• MATERIAL PROVIDED:
────────

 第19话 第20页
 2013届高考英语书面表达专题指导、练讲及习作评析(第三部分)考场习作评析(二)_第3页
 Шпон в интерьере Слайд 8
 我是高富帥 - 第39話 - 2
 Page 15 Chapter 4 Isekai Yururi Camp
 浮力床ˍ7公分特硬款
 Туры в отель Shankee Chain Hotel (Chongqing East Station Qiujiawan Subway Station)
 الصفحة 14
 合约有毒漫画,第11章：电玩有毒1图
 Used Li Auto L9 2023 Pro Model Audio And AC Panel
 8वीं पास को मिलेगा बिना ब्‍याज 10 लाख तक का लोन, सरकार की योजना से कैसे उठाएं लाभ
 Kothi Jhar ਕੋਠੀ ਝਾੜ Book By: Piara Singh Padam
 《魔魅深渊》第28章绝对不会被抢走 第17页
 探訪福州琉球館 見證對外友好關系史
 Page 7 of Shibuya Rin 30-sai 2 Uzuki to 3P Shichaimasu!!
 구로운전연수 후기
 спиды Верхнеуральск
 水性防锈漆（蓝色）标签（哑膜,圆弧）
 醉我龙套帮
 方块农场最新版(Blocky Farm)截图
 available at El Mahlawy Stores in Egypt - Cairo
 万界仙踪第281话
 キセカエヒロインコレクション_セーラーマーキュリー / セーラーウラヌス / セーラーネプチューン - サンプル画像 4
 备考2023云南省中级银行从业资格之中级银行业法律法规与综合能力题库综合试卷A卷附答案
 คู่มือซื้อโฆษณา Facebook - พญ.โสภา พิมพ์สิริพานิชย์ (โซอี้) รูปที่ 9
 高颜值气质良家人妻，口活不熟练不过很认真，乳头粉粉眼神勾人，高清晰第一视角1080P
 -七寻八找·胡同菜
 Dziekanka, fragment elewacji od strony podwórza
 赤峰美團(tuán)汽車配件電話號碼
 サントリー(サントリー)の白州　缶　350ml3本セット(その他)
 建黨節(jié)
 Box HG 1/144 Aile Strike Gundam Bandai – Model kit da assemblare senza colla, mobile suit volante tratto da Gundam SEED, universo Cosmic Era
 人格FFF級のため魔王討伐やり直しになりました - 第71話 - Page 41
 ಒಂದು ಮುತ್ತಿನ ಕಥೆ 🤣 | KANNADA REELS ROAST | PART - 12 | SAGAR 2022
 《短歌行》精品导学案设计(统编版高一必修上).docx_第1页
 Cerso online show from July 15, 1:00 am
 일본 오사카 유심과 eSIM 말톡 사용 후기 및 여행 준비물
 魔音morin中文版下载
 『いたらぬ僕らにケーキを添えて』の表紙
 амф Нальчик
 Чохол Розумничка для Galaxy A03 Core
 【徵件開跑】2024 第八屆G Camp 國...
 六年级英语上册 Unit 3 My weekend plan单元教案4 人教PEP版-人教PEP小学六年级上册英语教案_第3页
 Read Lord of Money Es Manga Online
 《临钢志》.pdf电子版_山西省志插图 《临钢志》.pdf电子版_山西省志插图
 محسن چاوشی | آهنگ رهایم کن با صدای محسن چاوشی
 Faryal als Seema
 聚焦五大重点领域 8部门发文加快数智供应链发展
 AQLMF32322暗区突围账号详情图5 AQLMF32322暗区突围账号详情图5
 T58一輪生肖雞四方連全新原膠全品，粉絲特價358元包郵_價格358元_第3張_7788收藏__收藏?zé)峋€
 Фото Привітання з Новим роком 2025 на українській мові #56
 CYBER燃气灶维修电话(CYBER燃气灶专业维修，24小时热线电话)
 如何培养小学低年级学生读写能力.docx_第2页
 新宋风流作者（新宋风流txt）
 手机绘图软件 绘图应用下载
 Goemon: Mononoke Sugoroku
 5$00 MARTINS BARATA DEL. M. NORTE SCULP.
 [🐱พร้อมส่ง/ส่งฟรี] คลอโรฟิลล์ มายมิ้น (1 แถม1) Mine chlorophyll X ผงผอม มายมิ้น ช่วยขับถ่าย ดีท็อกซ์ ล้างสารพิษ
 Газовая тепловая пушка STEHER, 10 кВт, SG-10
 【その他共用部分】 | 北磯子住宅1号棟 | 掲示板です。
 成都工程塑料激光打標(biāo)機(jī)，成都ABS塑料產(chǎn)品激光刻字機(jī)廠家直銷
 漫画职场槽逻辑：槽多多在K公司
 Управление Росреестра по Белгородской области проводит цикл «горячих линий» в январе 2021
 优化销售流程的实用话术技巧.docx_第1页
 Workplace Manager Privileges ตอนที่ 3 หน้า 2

────────

• TASK BRIEF: Please give again only the lines from the start of the material through the line holding "水性防锈漆（蓝色）标签（哑膜,圆弧）", exactly as they are written.

• SOLVED PROBLEM:
 第19话 第20页
 2013届高考英语书面表达专题指导、练讲及习作评析(第三部分)考场习作评析(二)_第3页
 Шпон в интерьере Слайд 8
 我是高富帥 - 第39話 - 2
 Page 15 Chapter 4 Isekai Yururi Camp
 浮力床ˍ7公分特硬款
 Туры в отель Shankee Chain Hotel (Chongqing East Station Qiujiawan Subway Station)
 الصفحة 14
 合约有毒漫画,第11章：电玩有毒1图
 Used Li Auto L9 2023 Pro Model Audio And AC Panel
 8वीं पास को मिलेगा बिना ब्‍याज 10 लाख तक का लोन, सरकार की योजना से कैसे उठाएं लाभ
 Kothi Jhar ਕੋਠੀ ਝਾੜ Book By: Piara Singh Padam
 《魔魅深渊》第28章绝对不会被抢走 第17页
 探訪福州琉球館 見證對外友好關系史
 Page 7 of Shibuya Rin 30-sai 2 Uzuki to 3P Shichaimasu!!
 구로운전연수 후기
 спиды Верхнеуральск
 水性防锈漆（蓝色）标签（哑膜,圆弧）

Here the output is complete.